[Your objective] All of the data below is to be repeated exactly, except for the pictures.
**** Data excerpt ****
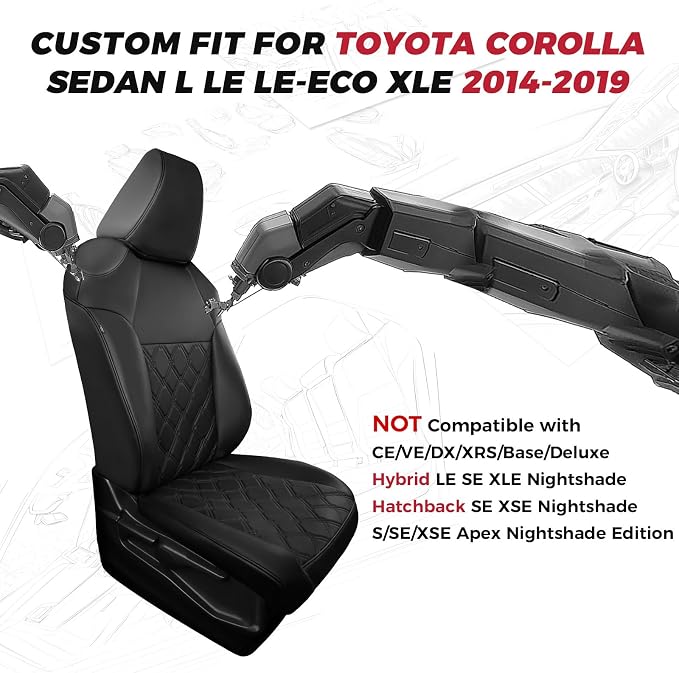 FREESOO for Toyota Corolla Seat Covers L LE XLE, LE Eco Sedan 2014 2015 2016 2017 2018 2019, Luxury Leather Seat Covers for Cars, Custom Fit Car Seat Covers, Waterproof Seat Cover, Black Full Set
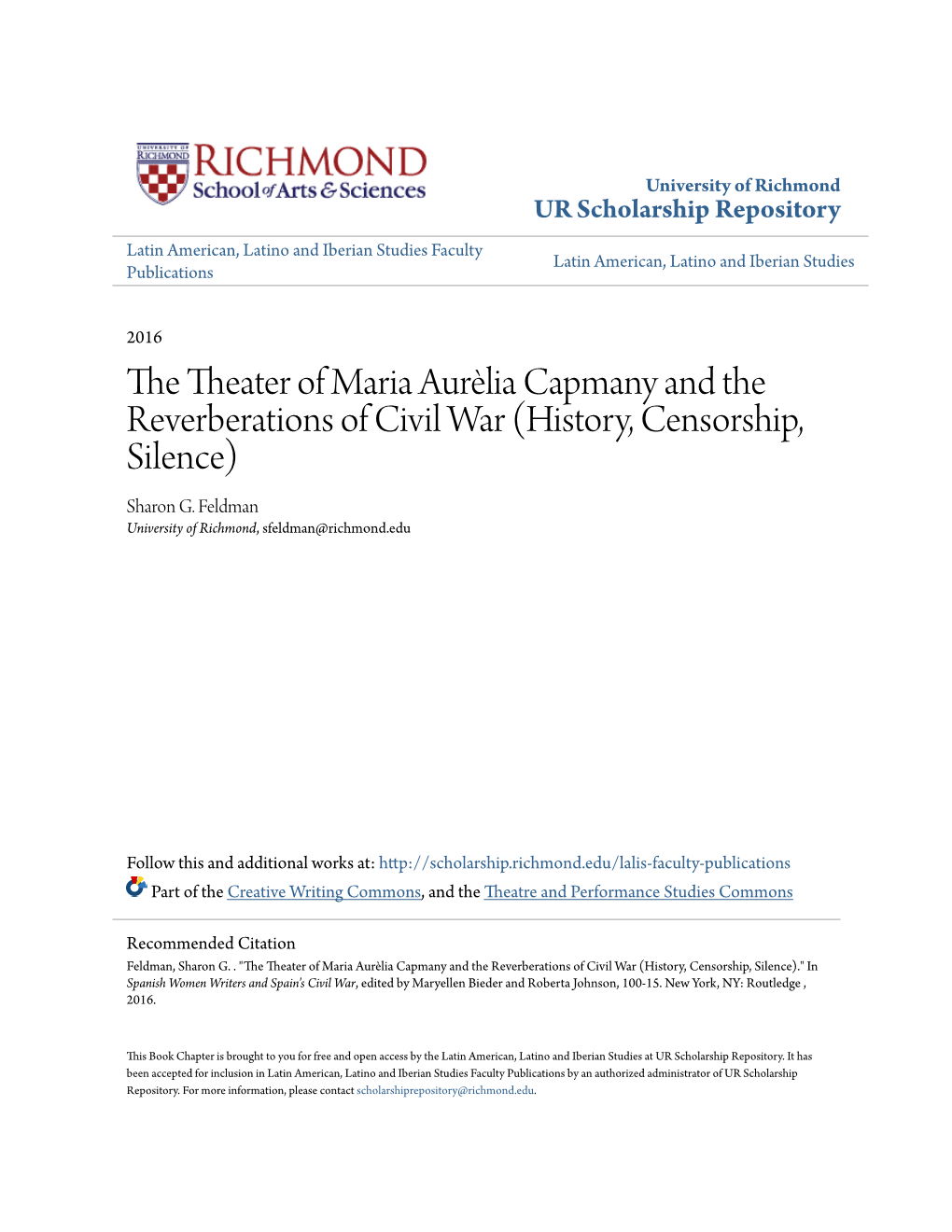 The Theater of Maria Aurèlia Capmany and the Reverberations of Civil War (History, Censorship, Silence) Sharon G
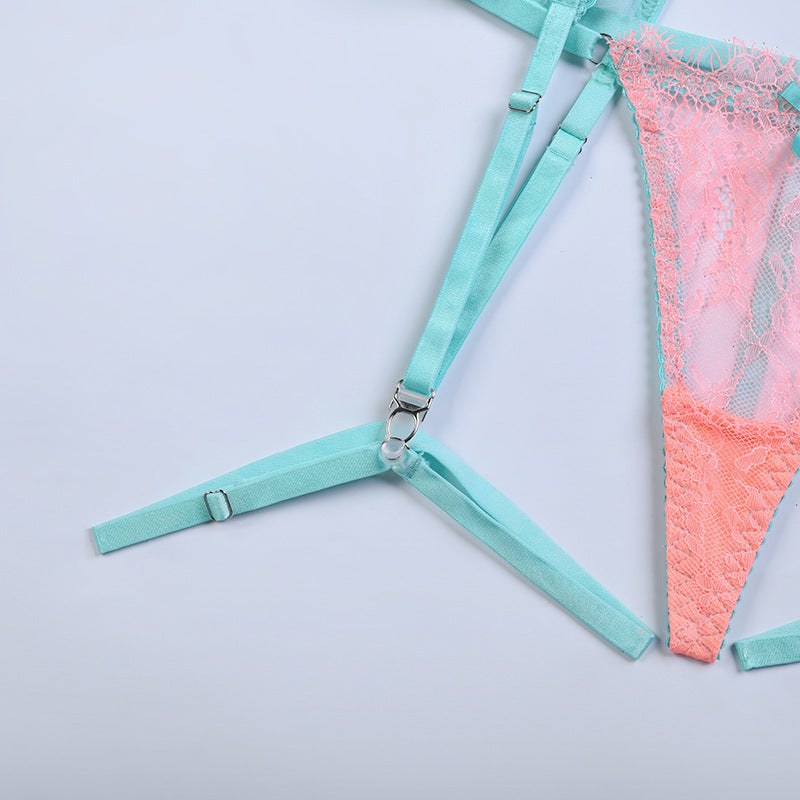 Green Diamond Mesh Bra Set with Feathered Shoulder Straps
****
[Answer]
 FREESOO for Toyota Corolla Seat Covers L LE XLE, LE Eco Sedan 2014 2015 2016 2017 2018 2019, Luxury Leather Seat Covers for Cars, Custom Fit Car Seat Covers, Waterproof Seat Cover, Black Full Set
 The Theater of Maria Aurèlia Capmany and the Reverberations of Civil War (History, Censorship, Silence) Sharon G
 Green Diamond Mesh Bra Set with Feathered Shoulder Straps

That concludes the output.